Above the coffee table, I have put up an old painting of flower in classic styled frame. The painting however is more oriental in style.
This area I regard as a meditating space although I never meditate, or it can be used to receive a guest with whom I can sit on the floor and drink tea over the coffee table. It will be more Japanese-like. However, in Monterey, I do not see this possibility. On the floor I put a green carpet and over it I put a large piece of Yi nationality decorative texture with hand embroidered geometric patterns. I bought the piece for 100 Yuan many years ago in China and brought it with me this year as I returned from a home visit.
I have some Chinese scroll paintings but I do not want to make more holes on the wall.

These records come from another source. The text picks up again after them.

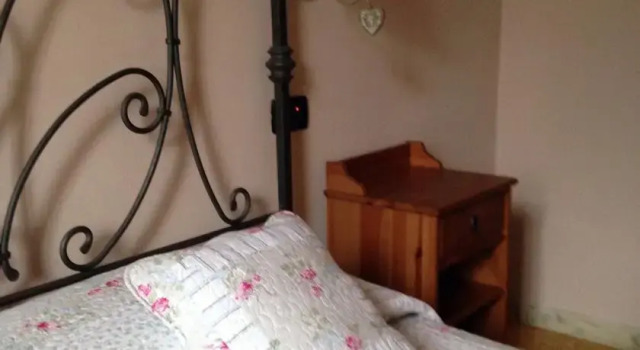 Villino Rinaldi - I Gatti del Gianicolo, Prenota Hotel Gianicolense Roma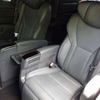 toyota alphard 2024 -TOYOTA 【岩手 348ﾁ 33】--Alphard 3BA-AGH45W--AGH45-0002884---TOYOTA 【岩手 348ﾁ 33】--Alphard 3BA-AGH45W--AGH45-0002884- image 4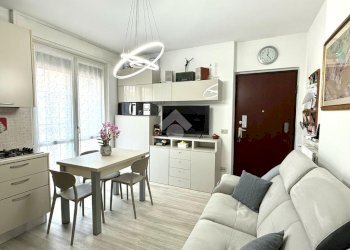 Two-room apartment Via Nino Martoglio, Milano (neighborhood Bovisasca) - photo 1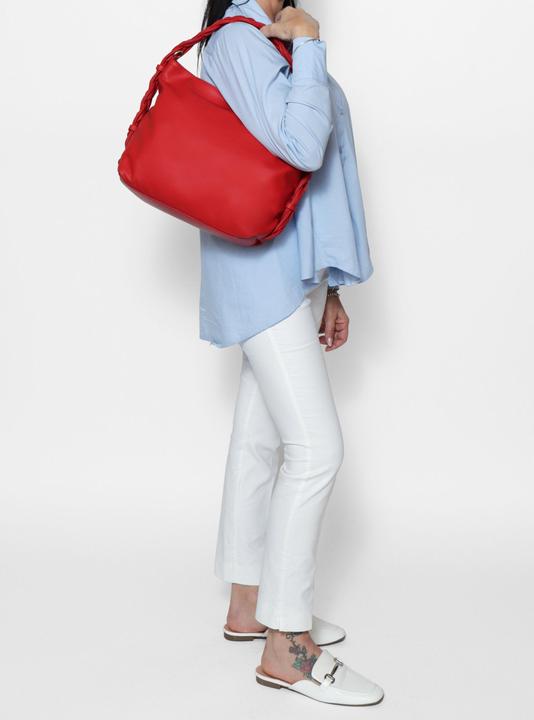 Produktbild Gave Lux Shoulder Bag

You see, when you do not own the property, any expensive decoration will enventually end up with more financial loss. So why bother? Besides, I do not have that luxury money. Most of my stuff came free, junk I picked up here and there or was given to me for free. Economically I am a gatherer.
Signing a year lease is like sentencing myself a year in prison. I cann't leave without losing money. So all the thoughts of leaving my current job and the United States have to be put off for at least 6 months.

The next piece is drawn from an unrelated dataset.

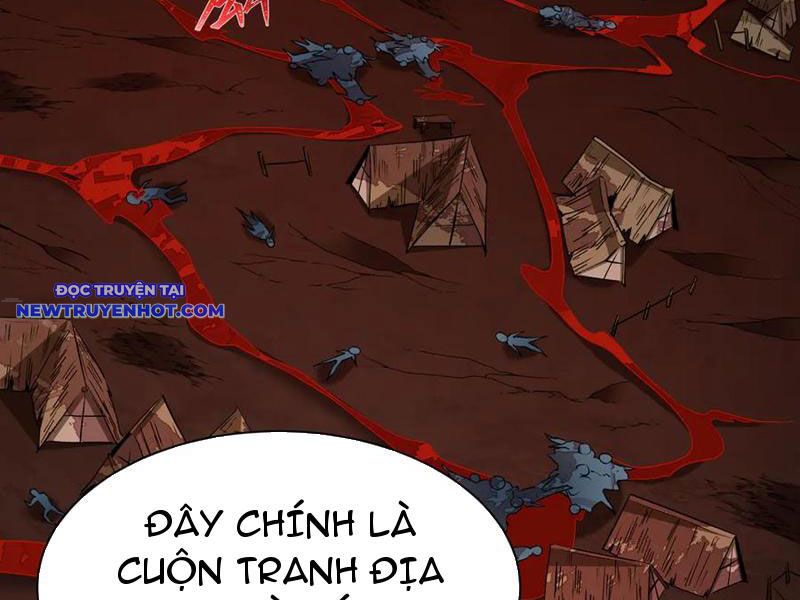 Kỷ Nguyên Kỳ Lạ Chap 398 - Next Chap 399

By decorating my apartment I make my prison more comfortable and give more human touch to it, although I will still spend most of my time out of my apartment, in libraries and computer labs.
The apartment was cut off from a larger apartment and does not have electricity meter. The electricity is paid by my neighbor, an old lady who is now the manager. She has been the manager for many years. The apartment complex was built by her and her husband, but the contractor did a foul job and they were forced to sell the property to recover investment. What a feeling it is to change from property owner to a renter!
The complex is of a U shape, embracing a yard planted with trees and flowers. My door is a sliding glass door, like a window. When the blinds are pushed open, I saw the whole yard from my sitting room. This compensates for the loss of front door porch in the previous apartment.
The most difficult thing for me in every moving is to take things out from boxes and suitcases and put them where they should be. I empty most of the paper boxes because I can't turn my apartment into a warehouse, but there is one suitcase, the one I came to this country with, that I can never fully empty. The contents were pre-sorted when packing and I often become lost when separating them. I simply forget where they are. By keeping them together, I know where to turn to for a certain need, such as finding my needle and thread, my self-carved seal, my pictures, medicine, etc. It is my treasure box and a reservoir of memories of days at home, because most things there come from China. The suitcase has been damaged during air travel, missing one wheel, leaving a hole where it used to be, and the handle. I use iron wire wrapped in cloth for the handle. Although it is not of good quality, I simply cann't get rid of it.
I know why I cann't fully empty this suitcase. It is because I always has a feeling that I am moving in the next minute and I want to save the trouble of packing. When someday I take all the things from it and throw it away, I am at home.